Today’s prompt is: Embarrassing
I mean, there’s a million places to go with this word. What I would absolutely love to do is share with you an embarrassing story of mine, but I’m one of those people whose mind goes entirely blank when I try to think of something directly!
Other than the classic, waving at people and realising you don’t know them, or getting completely the wrong end of the stick, I can’t really think of any. Oh, although I did come in early when saying my vows; I was obviously very keen as I said ‘I will’ before the ‘Forever and ever’ – oops!
I’m okay with that though. That’s the strange thing about embarrassment; it’s only really embarrassing if you let it be. Sure, other people can be embarrassed for you, but if it doesn’t really affect you, was it embarrassing? Okay I think I’ve now officially written ’embarrassment’ more times in a paragraph than I have in my life, but we’re getting there.
It’s interesting as well how there are different kinds of embarrassment. There’s the type that become a funny story after time, that no longer affect you. Then there’s the type that everyone knows never to speak about again unless the person it affects brings it up. Maybe they’re both the same, I don’t know. Maybe those stories we end up being able to laugh about affect us just as much as the big things we don’t speak about, but sometimes we just have to grin and bear it?

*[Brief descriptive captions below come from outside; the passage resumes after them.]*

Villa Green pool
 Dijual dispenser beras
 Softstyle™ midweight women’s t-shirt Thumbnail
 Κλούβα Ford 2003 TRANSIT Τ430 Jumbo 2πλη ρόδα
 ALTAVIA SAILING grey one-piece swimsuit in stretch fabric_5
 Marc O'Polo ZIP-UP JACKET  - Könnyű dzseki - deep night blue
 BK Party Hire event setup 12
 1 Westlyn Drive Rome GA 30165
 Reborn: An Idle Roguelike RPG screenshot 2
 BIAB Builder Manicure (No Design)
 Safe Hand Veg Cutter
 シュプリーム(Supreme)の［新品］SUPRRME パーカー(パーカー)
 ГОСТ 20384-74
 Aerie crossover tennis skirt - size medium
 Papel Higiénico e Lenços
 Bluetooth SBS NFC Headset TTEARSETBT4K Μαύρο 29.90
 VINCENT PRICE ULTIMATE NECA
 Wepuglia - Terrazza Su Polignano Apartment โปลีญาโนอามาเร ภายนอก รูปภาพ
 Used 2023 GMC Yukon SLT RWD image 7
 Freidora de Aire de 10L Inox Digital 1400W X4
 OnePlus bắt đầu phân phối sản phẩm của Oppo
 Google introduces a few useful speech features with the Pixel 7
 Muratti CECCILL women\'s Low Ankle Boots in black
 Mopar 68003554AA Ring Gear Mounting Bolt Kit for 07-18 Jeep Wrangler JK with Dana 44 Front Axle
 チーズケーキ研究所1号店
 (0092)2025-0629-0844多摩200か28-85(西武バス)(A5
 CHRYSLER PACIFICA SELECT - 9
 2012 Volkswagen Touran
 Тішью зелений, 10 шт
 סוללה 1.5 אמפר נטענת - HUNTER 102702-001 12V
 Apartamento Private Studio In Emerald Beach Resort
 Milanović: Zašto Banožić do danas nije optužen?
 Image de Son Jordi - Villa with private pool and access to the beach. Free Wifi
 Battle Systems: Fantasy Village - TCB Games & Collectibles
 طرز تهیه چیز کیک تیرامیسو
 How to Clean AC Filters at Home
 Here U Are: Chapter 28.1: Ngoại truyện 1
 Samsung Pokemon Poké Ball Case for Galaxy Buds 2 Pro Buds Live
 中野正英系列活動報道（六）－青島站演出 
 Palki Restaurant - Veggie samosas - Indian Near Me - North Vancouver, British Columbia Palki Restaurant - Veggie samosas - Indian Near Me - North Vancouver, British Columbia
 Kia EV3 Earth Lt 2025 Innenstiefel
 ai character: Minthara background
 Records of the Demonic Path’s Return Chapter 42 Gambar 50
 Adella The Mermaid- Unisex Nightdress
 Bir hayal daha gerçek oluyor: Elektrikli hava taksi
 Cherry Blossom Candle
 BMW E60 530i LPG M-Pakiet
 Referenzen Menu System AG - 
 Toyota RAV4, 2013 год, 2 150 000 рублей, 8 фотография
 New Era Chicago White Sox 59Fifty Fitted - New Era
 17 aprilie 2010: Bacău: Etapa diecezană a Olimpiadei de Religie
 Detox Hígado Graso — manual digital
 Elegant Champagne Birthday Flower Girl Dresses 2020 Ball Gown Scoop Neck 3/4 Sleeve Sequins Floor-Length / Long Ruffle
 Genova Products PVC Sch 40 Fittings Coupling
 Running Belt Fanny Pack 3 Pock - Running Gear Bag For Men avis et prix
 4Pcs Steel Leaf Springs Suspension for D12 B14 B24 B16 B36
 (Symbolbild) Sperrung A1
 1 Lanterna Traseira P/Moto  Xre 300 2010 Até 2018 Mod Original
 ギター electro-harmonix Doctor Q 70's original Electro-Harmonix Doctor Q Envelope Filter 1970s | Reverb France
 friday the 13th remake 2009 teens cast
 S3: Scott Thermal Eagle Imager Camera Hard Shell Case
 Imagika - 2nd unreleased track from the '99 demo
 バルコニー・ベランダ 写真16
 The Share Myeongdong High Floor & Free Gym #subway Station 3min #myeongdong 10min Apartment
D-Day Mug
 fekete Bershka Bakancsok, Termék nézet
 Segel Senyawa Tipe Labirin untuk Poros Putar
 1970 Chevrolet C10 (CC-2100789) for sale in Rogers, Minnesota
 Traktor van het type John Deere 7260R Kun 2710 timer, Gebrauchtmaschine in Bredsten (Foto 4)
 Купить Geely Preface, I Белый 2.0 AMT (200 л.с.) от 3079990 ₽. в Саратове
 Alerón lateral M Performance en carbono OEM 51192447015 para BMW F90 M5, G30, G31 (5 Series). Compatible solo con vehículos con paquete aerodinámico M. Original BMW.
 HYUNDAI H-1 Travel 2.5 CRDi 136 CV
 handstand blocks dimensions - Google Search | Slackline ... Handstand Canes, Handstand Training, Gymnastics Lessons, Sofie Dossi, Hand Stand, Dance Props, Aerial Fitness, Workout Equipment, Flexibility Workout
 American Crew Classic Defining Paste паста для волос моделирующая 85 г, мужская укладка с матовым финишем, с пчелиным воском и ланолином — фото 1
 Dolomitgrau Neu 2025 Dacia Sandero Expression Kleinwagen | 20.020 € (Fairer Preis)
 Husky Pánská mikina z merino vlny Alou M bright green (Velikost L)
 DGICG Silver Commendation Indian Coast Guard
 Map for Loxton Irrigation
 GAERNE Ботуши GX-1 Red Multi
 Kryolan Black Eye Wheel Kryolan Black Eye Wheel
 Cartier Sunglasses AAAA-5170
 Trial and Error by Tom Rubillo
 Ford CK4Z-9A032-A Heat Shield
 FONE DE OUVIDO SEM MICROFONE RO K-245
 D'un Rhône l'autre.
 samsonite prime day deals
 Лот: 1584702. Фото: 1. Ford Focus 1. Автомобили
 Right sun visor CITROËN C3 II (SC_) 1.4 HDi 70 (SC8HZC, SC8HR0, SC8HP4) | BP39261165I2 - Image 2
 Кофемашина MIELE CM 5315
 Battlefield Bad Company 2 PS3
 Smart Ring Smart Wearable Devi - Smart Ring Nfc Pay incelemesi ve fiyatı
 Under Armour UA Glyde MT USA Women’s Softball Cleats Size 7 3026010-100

When your identity is based on what others think of you – which, let’s be honest, sneaks into every single one of ours lives – these moments of embarrassment become controlling. I think we’re only ever free of them when our identity is no longer in them, or they’re from so long ago that they’re almost about a person that we don’t even know any more.
I’m not sure if that makes any sense, but I’m here to process, to get back into writing, and to improve on how I write. If you made it this far, congratulations and thank you.